January 14, 2008
Berlin Moves to Block Soveriegn Wealth Funds
To counter the potential of foreign companies influencing the German state today's WSJ reports that Berlin is moving to pass a law which would allow the German state to intervene when foreign-state investors seek to take control of a German company.
Chancellor Angela Merkel wants a law that Germany could invoke in cases where it believes foreign-state investors are trying to buy German companies for what it considers mischievous reasons, such as to gain political influence. German law now allows the government to veto foreign investors only in the defense and cryptography sectors. Berlin wants to expand takeover defenses to cover any foreign investment that could threaten "public order or security," criteria that German officials contend are strict but critics call nebulous.

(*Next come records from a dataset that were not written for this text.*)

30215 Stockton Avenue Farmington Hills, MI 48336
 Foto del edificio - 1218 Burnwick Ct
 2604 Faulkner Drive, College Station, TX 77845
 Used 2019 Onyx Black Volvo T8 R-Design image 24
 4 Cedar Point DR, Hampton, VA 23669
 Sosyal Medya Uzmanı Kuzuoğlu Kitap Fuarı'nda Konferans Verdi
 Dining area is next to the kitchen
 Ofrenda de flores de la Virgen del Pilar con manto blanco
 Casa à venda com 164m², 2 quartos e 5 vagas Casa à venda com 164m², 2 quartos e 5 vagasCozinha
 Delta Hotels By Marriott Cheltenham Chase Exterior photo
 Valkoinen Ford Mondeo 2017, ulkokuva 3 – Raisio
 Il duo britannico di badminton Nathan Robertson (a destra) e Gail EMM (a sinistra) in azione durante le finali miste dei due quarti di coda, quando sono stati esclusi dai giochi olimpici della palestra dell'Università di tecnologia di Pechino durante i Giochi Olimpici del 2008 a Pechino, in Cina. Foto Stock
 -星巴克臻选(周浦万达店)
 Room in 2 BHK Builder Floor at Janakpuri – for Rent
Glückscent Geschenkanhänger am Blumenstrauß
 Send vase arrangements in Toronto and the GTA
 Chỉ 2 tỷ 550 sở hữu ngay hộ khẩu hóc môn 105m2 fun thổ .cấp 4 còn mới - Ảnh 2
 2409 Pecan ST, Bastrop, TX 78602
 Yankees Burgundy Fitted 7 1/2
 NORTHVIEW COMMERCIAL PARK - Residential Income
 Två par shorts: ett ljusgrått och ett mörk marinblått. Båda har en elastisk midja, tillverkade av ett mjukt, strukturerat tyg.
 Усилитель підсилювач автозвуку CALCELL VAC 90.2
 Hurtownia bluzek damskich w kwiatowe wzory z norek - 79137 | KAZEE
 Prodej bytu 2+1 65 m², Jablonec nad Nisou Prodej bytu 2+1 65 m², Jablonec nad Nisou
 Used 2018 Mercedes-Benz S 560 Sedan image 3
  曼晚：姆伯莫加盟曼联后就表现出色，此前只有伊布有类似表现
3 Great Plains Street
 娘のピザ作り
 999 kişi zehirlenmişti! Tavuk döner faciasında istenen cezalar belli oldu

Ms. Merkel says she is aiming only at exceptional cases. Critics worry she is drafting a law so broad that it could block any investment by foreign sovereign-wealth funds or state-owned companies. The draft law doesn't limit intervention to only specific sectors. It also covers EU-based companies in which foreign governments control significant stakes. A spokesman for Ms. Merkel said only that the proposal is a work in progress.
The size of sovereign-wealth funds is one reason for Western angst. Private-sector economists estimate these funds control about $2.5 trillion of assets globally and are growing fast. German politicians worry that foreign states could effectively renationalize sectors Germany has privatized, such as energy utilities.